— Supplied material —
=-=-=
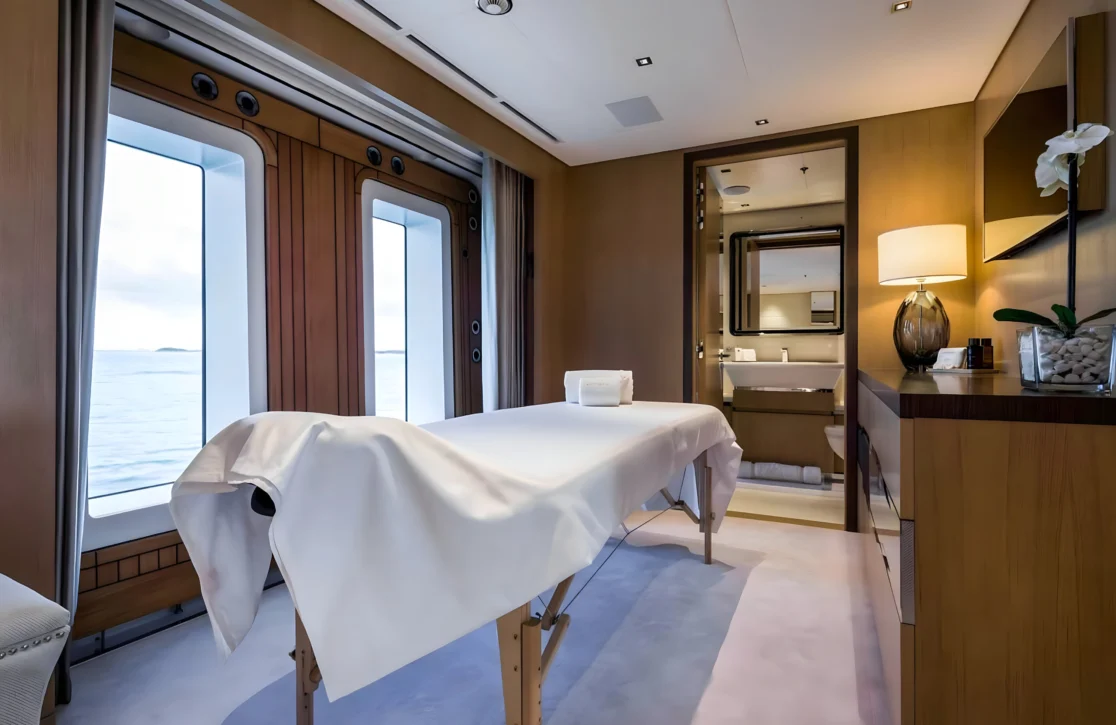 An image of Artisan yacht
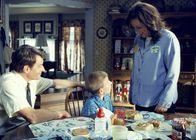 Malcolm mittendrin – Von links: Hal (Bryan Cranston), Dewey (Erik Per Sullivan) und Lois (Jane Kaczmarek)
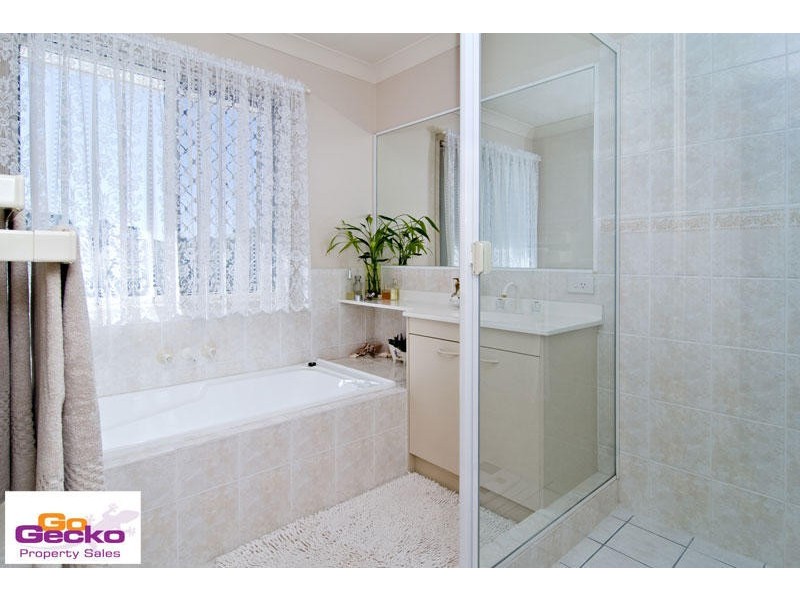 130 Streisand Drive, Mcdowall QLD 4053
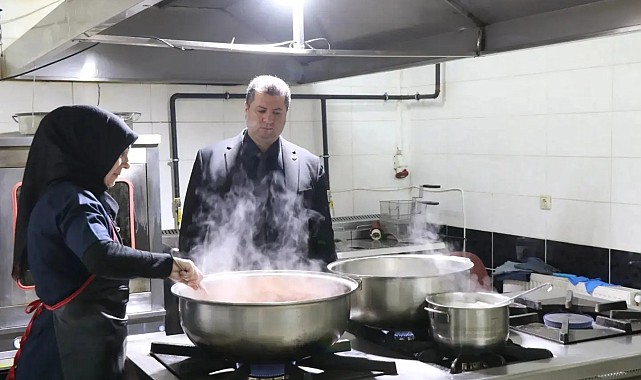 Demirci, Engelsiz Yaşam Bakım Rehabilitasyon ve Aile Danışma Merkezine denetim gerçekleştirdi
=-=-=
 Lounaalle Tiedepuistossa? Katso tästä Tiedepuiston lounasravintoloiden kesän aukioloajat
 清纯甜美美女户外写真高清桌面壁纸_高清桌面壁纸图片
=-=-=
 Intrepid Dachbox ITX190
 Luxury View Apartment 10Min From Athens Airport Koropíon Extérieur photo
=-=-=
— Problem to work on —
What you return must match, character for character, the lines above from the one with "130 Streisand Drive, Mcdowall QLD 4053" through the one with "Demirci, Engelsiz Yaşam", minus any pictures.

— Solution to this exercise —
 130 Streisand Drive, Mcdowall QLD 4053
 Demirci, Engelsiz Yaşam Bakım Rehabilitasyon ve Aile Danışma Merkezine denetim gerçekleştirdi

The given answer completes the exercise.